Another thing that doesn't make sense is the confession. If I confess, all my sins are gone? Come on. What if you are born in another religion and don't even know about being confessed as a Catholic? How fair would it be to make you go to hell because you were born in India, died at 10 years old... without ever being baptized nor confessed?
Anyway, you get my point.
And yet another problem I see is that, whereas there is an offer of eternal life after death, but in this world we're supposed not just to follow a strict no-fun lifestyle (which is close to what I am living anyway, since I only value intellectual curiosity and staying fit, and neither is in conflict with the Gospel) but we are also supposed to sacrifice our own life for others and for our faith.
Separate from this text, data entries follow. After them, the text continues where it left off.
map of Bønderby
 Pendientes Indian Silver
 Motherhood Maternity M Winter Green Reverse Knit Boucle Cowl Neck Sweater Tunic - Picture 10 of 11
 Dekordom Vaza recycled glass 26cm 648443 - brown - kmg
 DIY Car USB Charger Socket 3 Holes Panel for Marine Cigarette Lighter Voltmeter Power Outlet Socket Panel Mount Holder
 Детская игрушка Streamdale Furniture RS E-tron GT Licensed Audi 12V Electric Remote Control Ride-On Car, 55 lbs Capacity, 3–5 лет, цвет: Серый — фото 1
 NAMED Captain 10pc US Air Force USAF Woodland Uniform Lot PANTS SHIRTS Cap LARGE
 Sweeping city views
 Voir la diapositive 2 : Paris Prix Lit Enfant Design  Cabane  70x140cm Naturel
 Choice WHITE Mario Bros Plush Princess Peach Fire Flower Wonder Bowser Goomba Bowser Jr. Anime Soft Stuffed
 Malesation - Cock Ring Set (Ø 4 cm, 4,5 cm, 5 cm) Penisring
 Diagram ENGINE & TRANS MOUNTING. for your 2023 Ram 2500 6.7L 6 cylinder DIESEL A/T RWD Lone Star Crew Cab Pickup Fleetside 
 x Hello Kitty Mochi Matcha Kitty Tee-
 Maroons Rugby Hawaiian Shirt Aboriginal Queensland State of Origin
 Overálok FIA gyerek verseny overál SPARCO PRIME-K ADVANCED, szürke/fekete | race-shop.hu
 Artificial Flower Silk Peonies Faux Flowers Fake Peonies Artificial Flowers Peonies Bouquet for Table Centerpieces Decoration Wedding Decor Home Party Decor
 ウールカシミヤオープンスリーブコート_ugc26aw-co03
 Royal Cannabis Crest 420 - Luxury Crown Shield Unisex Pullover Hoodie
So, think about it. The devil asks us to sacrifice someone else. Jesus asks us to sacrifice ourselves. Since the instinct of surviving is the strongest thing, then in extreme situations sacrificing someone else would be easier.
However, there's also another difference. According to my research on Youtube... I forgot what I was going to write.
OK, you get my doubts, and my discoveries and my certainties.
1) 1% I am living in someone else's video game, like Neo in the Matrix
2) 99% I am living with other humans in someone else's video game
We are all struggling to find out the rules that we need to follow for the game to not end. The elite are maybe trying to keep the first coin going as long as possible and possibly forever (but Jesus could always come and kill them all).
The little guys like me are trying to figure out how to get a second coin after the "game over". A second coin to an unlimited game.
But ultimately we are all trying to figure out the best option for us, so, after all, even for Christians... what would make us inherently better than the devil-worshipers?
Maybe just one thing: that we're looking for a solution that will help us without hurting others, whereas they're looking for a solution that hurts others.
But I am not even telling the whole truth. The whole truth is that, by doing nothing and living in Europe, I am still allowing others to die. I am not actively killing them, like the satanist elite does, but I am not actively stopping them either. Anyway, to be continued... hopefully I'll find out something more on this subject, which is the meaning of life.
I think I need an exorcism to get a spirit out of my hand. I am assuming that's why it engages in compulsive scratching of my head, all the time, without being able to stop it.